私のところに送って下さる「花園神社社報」の令和五年5月1日号に、よくテレビに出ている金平茂紀さんが「ジャーナリストから見た『ショック・ドクトリン』」(上)を書いています。
金平さんは「花園神社が好きな場所で、ゴールデン街で飲んで、ここにきて、おしゃべりをして帰る」というのが学生時代からの恒例のようで、それで執筆を引き受けたようです。
金平さんは、去年暮れにタモリが「徹子の部屋」に出演して、黒柳さんが「来年はどんなとしになりますかね?」と聞かれ、「新しい戦前井なるんじゃないですかね」と言ったことや、かつて忌野清志郎が「本当のことなんか言えない、言えば殺される」(「言論の自由」)と歌っていたことにも触れ、今の時世を嘆いています。
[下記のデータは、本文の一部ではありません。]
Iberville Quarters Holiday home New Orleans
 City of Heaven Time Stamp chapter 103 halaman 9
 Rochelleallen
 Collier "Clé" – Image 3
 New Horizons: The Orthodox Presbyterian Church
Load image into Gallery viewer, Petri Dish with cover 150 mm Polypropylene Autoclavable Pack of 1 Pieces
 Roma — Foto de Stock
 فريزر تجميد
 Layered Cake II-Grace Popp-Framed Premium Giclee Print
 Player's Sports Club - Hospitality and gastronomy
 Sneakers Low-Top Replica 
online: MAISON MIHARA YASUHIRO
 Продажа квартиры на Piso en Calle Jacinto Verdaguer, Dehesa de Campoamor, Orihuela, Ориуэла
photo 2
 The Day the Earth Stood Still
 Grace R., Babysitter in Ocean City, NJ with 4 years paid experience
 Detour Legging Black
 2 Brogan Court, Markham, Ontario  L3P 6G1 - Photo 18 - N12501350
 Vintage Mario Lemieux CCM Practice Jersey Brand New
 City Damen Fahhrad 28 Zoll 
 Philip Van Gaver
そして、最近亡くなった大江健三郎、鈴木邦男、坂本龍一への追悼の言葉を述べています。いずれも、私にとっても気になる人たちだっただけに、興味深く読ませてもらいました。
大江については、作家としてのすばらしさばかりではなく、「最後まで戦後も持っている時代を象徴して自分の作品を勝ち続けてきた人だと思います」と評価しています。
新右翼と呼ばれた鈴木に関しては、生涯独身であり、清貧という言葉がふさわしいと褒めています。さらに、鈴木が口舌の徒ではなかったことを指摘し、「行動をともなういというか、自分の信じていることについては、自分の信念にしたがって、物事を起こしていく。そういうので長くお付き合いすることになりました」と述懐しています。
坂本は、それこそ日本を代表するアーティストですが、金平さんは忌野清志郎がこの世を去った時、マスコミは永遠のロックスターともてはやしましたが、生前はまったく無視していたことを坂本が怒っていた点に言及しながら、同じような扱いを坂本が受けていることに憤りを感じたのでした。「原発のこととか、安保法制のこととか、地球温暖化とか、いろんなところで行動していて、音楽家であるにもかかわらず社会的なことについても声を上げていました。そのとき、メディアは黙殺していて、亡くなったから『世界のサカモト』とか、社会のことにも発言していたみたいなことを言う」のが許せないからでしょう。
テレビではなかなか口できないことを、金平さんが文章にしており、何度も何度も私は読み返してしまいました。3人への弔辞の言葉としてふさわしい文面であったからです。